In 1685, informed by Edmund Halley that both a great friend of him, the architect Christopher Wren, and a great enemy of him, Robert Hook shared the will to solve the question of gravity of celestial bodies (for which there was already an hypothesis of a force inversely proportional to the square of the distance between them), he came out of a self-imposed isolation to hand over to Halley himself, a treatise that was after a short time presented to the Royal Society.

De motu corporum in gyrum (“On the motion of bodies in an orbit”) was basically the premise of what he then collected in the Principia.

This work began to show extensively the greatness of his insights; especially with regards to decoding the force of gravity, problem that was here to great extent solved.

After decades in isolation, starting from one of the many discussions he had with Hook on the free fall of a weight from a tower in absence of air, while he expressed a wrong evaluation on the direction the object followed, he nevertheless grasped a fundamental factor in seeing in the elliptic shape the trajectory a weight follows under the influence of the force of gravity.

Same shape followed by the orbit of celestial bodies.

The convictions he gained through the study of alchemy, refrained up until then by Descartes’ Vortices law, which defined the ether as the means through which celestial bodies were carried around and kept at distance from the sun, found a supportive context.

A series of precise and meticulous experiments followed, which, through the careful evaluation of the movement of pendulums, in absence of air, and in assumed presence of ether, established how the space is not actually filled with ether, but rather absolutely empty.

Newton understood that:

THE CELESTIAL BODIES WERE ATTRACTED BY AN INVISIBLE FORCE YET PRESENT IN THE EMPTY SPACE

Basing his claims on experimentalism, he was able to hypothesize a celestial centripetal force, which coincided with the earth force of gravity, comparing this force with a Divine Will, similar to that very Organic Principle at the base of alchemical phenomena.

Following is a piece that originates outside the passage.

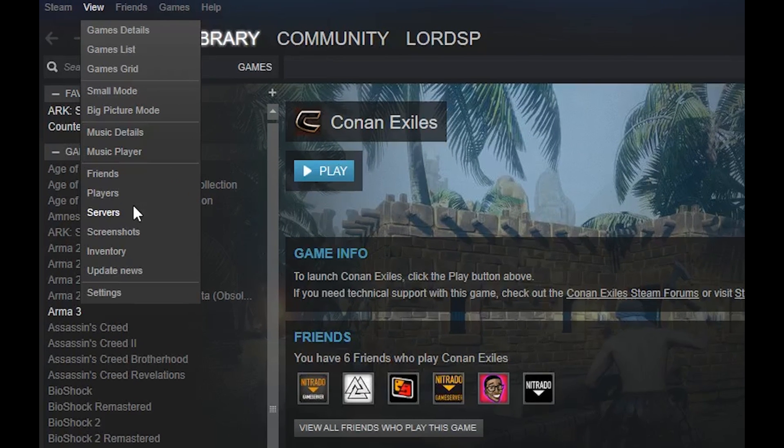at the top right hand corner, you will see five options: Steam, View, Friends, Games, and Help. Click on View, then Servers, and a new box should open up for you. This is the Steam Servers tool.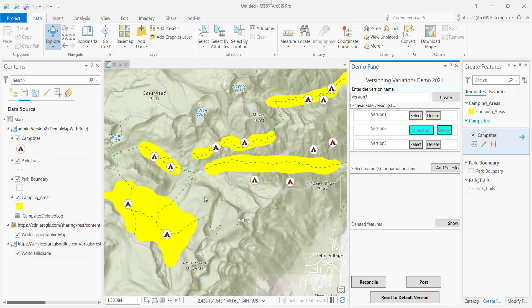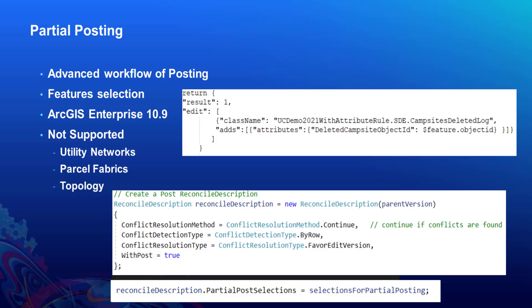Now let's look into the advanced posting workflow, which is used to transfer part of local changes to the default version — this is called partial posting. For partial posting, you need to select the features you want to transfer to the default version. Partial posting is supported on ArcGIS 10.9; however, it is not supported yet for utility networks, parcel fabrics, and topology. The reconcile description for partial posting has one extra member — partialPostSelections — where we assign our selected features. To support partial posting of deleted features, I've set up an attribute rule on the feature class to keep a log of deleted features in a separate table.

Following this analogy, he paired the seven main celestial bodies with the seven alchemical elements, while the Sun was identified with the Eighth celestial body paired with Magnesia, the eight alchemical element (known for its attractive feature).

Light represented instead the activator for both worlds in comparison (already One in Newton’s mind) – the microcosm of alchemical elements and macrocosm of the celestial bodies.

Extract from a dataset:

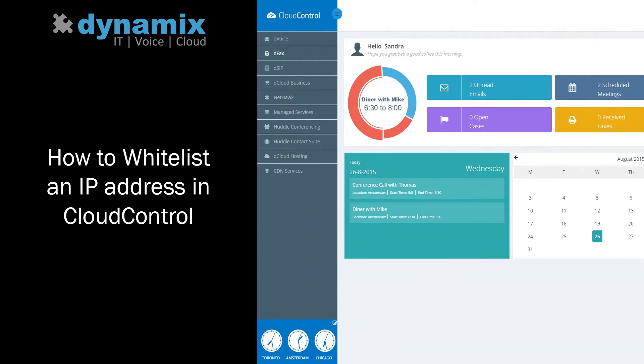Hi, my name is Sandra and today I'm going to show you how to whitelist IP addresses in Cloud Control.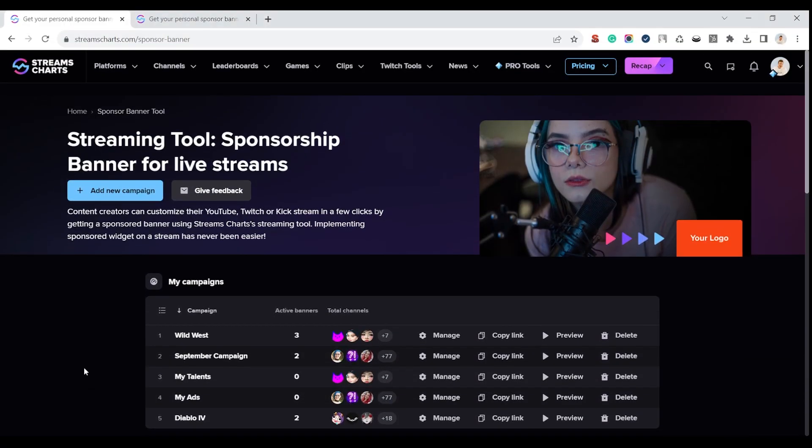StreamsCharts functionality continues to expand, and we are pleased to introduce a special Rotating Sponsorship Banner tool. With it, any user of our site can easily create their own livestreaming advertising campaigns, and our professional users can also manage and track all their results.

Light, which he already knew from his studies, could be subdivided in 7 colours, each with precise characteristics, which could merge in the white light, the Eight colour.  All these concepts were being formulated at least two years prior the publication of the Principia.

WHERE

At this stage the two worlds (the scientific and the alchemical) were ready to be merged with the religious essence of the prytaneum, which saw any temple as a site built around a centre with a sacred fire.  This centre/fire attracted worshippers around like a mini solar system.  And because for Newton the Temple of Solomon was the ultimate sacred temple, and also due for his conviction in the wisdom of the ancients, he even learnt Hebrew in order to produce a floor plan as accurate as possible, according to the biblical descriptions.

For him this was a very useful passage in order to find validations to his scientific claims.

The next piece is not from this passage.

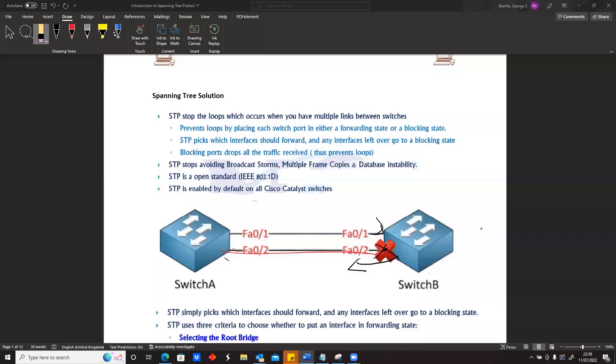By default when you buy a Cisco switch, spanning tree is already working on the switch. What it means is that when you just connect the device, two devices, there should be one port which is blocking.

Together with the Temple, Newton’s worlds now become three.

WHY

This passage is important for those who want to understand the “how” of Newton.

It’s right to say that in the Principia he fused Galileo and Descartes’ discoveries to postulate that Kepler’s laws of planetary motions (specifically the 3rd one) were possible because of a force, as we said, centripetal or gravitational, shared by all celestial systems.

He also established, through a series of lengthy mathematical and geometrical demonstrations, exposed in the first book of the Principia, that this force, as hypothesized, was inversely proportional to the square (2) of the distance between them.

All this was achieved with very little use of calculus, a terrific tool if he used it to compute elliptic areas, like those covered by the movements of the planets.

In summary his fundamental work was founded on two sets of numerical information;

The first one, from Kepler states the following:

THE SQUARE OF THE ORBITAL PERIOD OF A PLANET IS PROPORTIONAL TO THE CUBE OF THE SEMI-MAJOR AXIS OF ITS ORBIT.

Therefore this law, in numerical sense could be synthesized, as Newton did, in a very precise numerical interval, which is:

2/3

The other one from Newton himself (as described above) could be synthesized using the number:

2

Now, as the Third Law of Kepler is explicable through the law of gravity itself, I believe that the numerical synthesis that comes up is the following:

2-2/3

WHEN – WHERE – WHY

Now I’d like to intervene amongst this information, and I would like that from now on you also start to do the same.

It would be useful to observe the Temple floor plan that he formulated.  I think that the first thing that you all can notice is the predominant shape of a SQUARE.

If that site is a compendium of divine forces, we can then consider as “normal” that the same forces are contained within the square, right?

Especially in the small square at the centre, where the sacred fire would burn and where any Jewish religious event would take place.

Hence it’s that tiny space which is able to attract all the worshippers around.

I’m tempted to say that its FORCE is inversely proportioned to its dimension that, as mentioned before, is SQUARE.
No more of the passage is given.